The Environmental Protection Agency (EPA) has published a final rule (40 CFR Part 80) that finalizes regulations designed to ensure that refiners, blenders, and importers of gasoline will use enough renewable fuel each year so that the total volume requirements of the Energy Policy Act are met, according to information published in the Federal Register May 1.

The program will be based on the use of unique renewable identification numbers (RINs) assigned to batches of renewable fuel by renewable fuel producers and importers. These RINs can then be sold or traded, and ultimately used by any obligated party to demonstrate compliance with the applicable standard.

Companies expected to be covered by the rule include those involved with the production, distribution, and sale of gasoline motor fuel or renewable fuels such as ethanol and biodiesel.

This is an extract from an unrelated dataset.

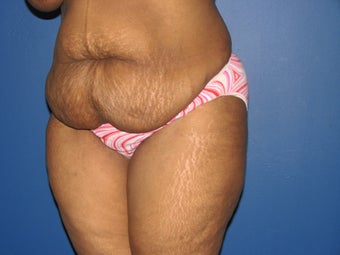 45 year old mother of 2 with a tummy tuck before 1098420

Regulated categories and entities could include petroleum refineries, ethyl alcohol manufacturing, other basic organic chemical manufacturing, chemical and allied products merchant wholesalers, petroleum bulk stations and terminals, petroleum and petroleum products merchant wholesalers, and other fuel dealers.

The regulations establish the RIN trading program that will be an integral aspect of the overall program, allowing renewable fuels to be used where they are most economical while providing a flexible means for obligated parties to comply with the standard.

EPA is to establish a renewable fuel standard annually, expressed as a percentage of gasoline sold or introduced into commerce, that will ensure that overall a specified total national volume of renewable fuels will be used in gasoline in the United States. The legislation that led to the regulation does not require each obligated party to necessarily do the blending themselves in order to comply with this obligation. Rather, under the credit trading program required, each obligated party is allowed to satisfy its obligations either through its own actions or through the transfer of credits from others who have more than satisfied their individual requirements.

Penalties that apply include:

•Any person who is liable for a violation is subject to a civil penalty of up to $32,500 for every day of each such violation and the amount of economic benefit or savings resulting from each violation,

•Any person liable for a violation of for failure to meet a renewable volume obligation, or for causing another party to fail to meet a renewable volume obligation, during any averaging period, is subject to a separate day of violation for each day in the averaging period.

•Any person liable for failure to meet, or causing a failure to meet, a requirement of any provision of this subpart is liable for a separate day of violation for each day such a requirement remains unfulfilled.

The final rule becomes effective September 1, 2007.